Singing tributes to Britain’s war dead across nine of England’s highest peaks concluded last week as a pop-up choir climbed Lake District mountains to honour a unique memorial
The ambitious acts of remembrance took place over three weekends since May on nine Lakeland fells – Great Gable, Green Gable, Brandreth (no performance), Grey Knotts, Lingmell, Scafell Pike, Broad Crag, Thorneythwaite Fell, Glaramara, Allen Crags – to commemorate the Great Gift, a legacy once described as ‘the world’s greatest war memorial’.
More than 60 hardy singers climbed a total of 25 miles and 3,000m of ascent to perform a specially commissioned song on every peak.
14 summits in the Lake District were given to the National Trust in the years after the First World War by the Fell & Rock Climbing Club and private landowners as an act of remembrance.
Jessie Binns, the National Trust’s Visitor Experience Manager in the Lake District, recruited the choir to mark 100 years since the end of the First World War: “These mountains were given as memorials for everyone to enjoy, and the National Trust is extremely proud to have cared for them ever since.
“If everything around you is feeling uncertain and unstable, a connection with the natural world can feel grounding.

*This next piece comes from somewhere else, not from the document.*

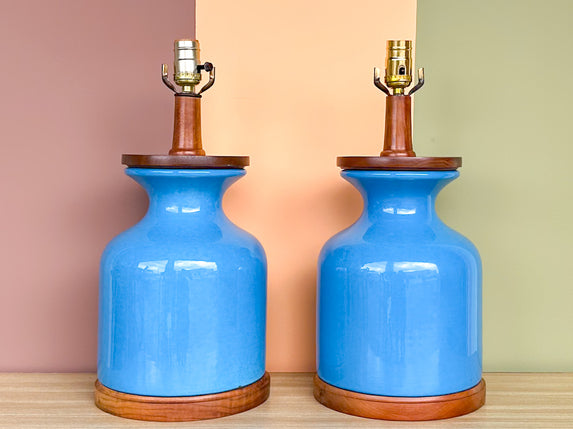 Pair of Cerulean Blue Lamps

This is part of the reason it is so important for us to safeguard these and other open spaces, so that future generations can continue to reap the benefits in the years to come.”

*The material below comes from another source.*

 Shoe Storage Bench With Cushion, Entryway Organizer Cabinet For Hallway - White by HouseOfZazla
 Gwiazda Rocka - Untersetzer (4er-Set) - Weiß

National Trust staff and volunteers commemorating the gift of 14 Lakeland summits through a song cycle on top of Thorneythwaite Fell, led by musical director Dave Camlin. © North News & Pictures

“Meaningful and powerful songs”

The temporary choir, made up of amateur singers from local choirs, is called The Fellowship of Hill, and Wind, and Sunshine. It is named after the speech made by poet and leading mountaineer Geoffrey Winthrop Young, which he delivered on top of Great Gable in 1924 as he dedicated the fells to the nation:

“[they] surrendered their part in the fellowship of hill, and wind, and sunshine, that the freedom of this land, the freedom of our spirit, should endure.”

Cumbrian songwriter, musician and teacher Dr David Camlin created a new suite of songs for the occasion, which included a new arrangement for the words from the dedication speech.

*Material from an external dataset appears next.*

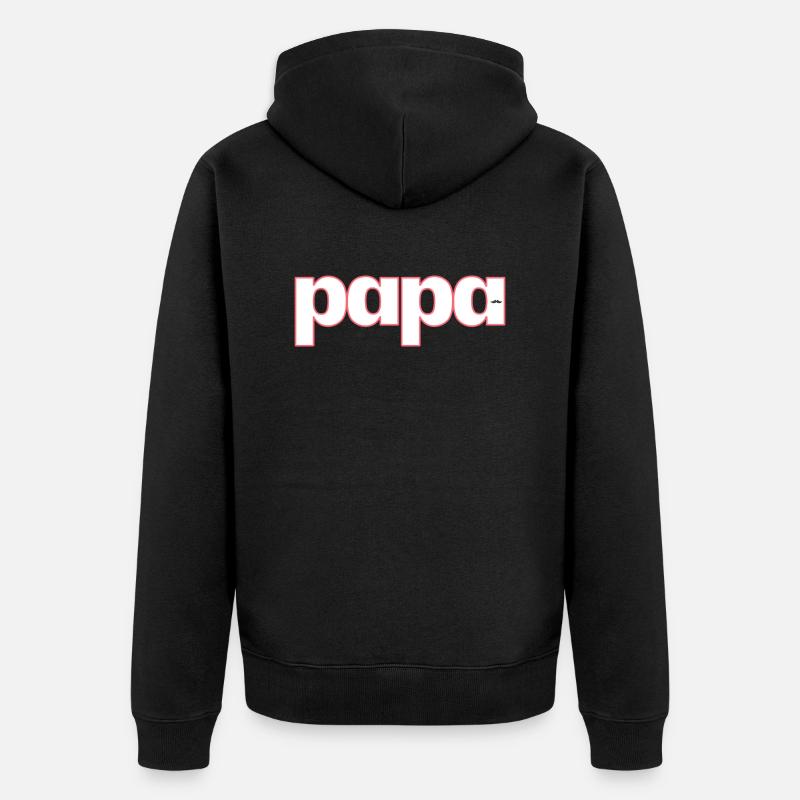 PAPA - Unisex Premium Bio Zip Hoodie - Schwarz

The 1924 dedication ceremony

A member of the choir said: “To be able to sing in a choir surrounded by such stunning scenery was a real privilege. It felt incredibly powerful as the sound was carried far across the land by the wind.
“Music helps us to connect – to other people and to nature itself. It helps soothe us in the tough times and shares our joy in the good times.”
During the performance at Great Gable, the choir was filmed by a 360˚ video camera. The resulting film has been used as part of an experiment at Keswick Museum in collaboration with the University of York, to determine whether the benefits of outdoor choir singing could be experienced remotely, using virtual reality technology.
Participants of the experiment wore a headset through which they could experience the panoramic views and sing alone as though part of the choir. Afterwards, participants were asked questions about their mood, as were members of the outdoor choir. Their answers will be compared and recorded to test whether the virtual world can produce the same health and well-being benefits as activities in the real world.
Dr Dave Camlin said: “The real experience of singing meaningful and powerful songs of remembrance in a large choir on a mountain-top was profoundly moving, and we hope that the virtual experience will help people to share in what was a very special moment.”

© Nick Landells

A wider programme of events

The choir’s performances are part of a wider programme of remembrance events organised by the National Trust in the Lake District this year. In May, a team of the conservation charity’s rangers and volunteers from the Fell & Rock Climbing Club spent a combined 200 days repairing footpaths and rebuilding the summit cairn on top of Scafell Pike.
England’s tallest mountain was given to the Trust by Lord Leconfield in 1919 as a memorial to the men of the Lake District who fell in the Great War, four years before the Fell and Rock Climbing Club made their gift.
At the Lakes Alive Festival (8 – 9 September) there will be performances from the Fellowship choir and singing workshops and at the Kendal Mountain Festival (15 – 18 November) films will be shown, documenting the Great Gift’s lasting legacy.
On 13 October, the National Trust is inviting people to join a singing picnic at Peace How, a tiny hill near Derwent Water in Borrowdale. It was given to the National Trust in 1917 so that servicemen from the trenches could experience peace and tranquillity. Tickets are free but must be booked in advance from the National Trust website.
October is also a last chance to visit the Where Poppies Blow exhibition at Wordsworth House, which explores how men endured the horrors of war through the wonders of nature.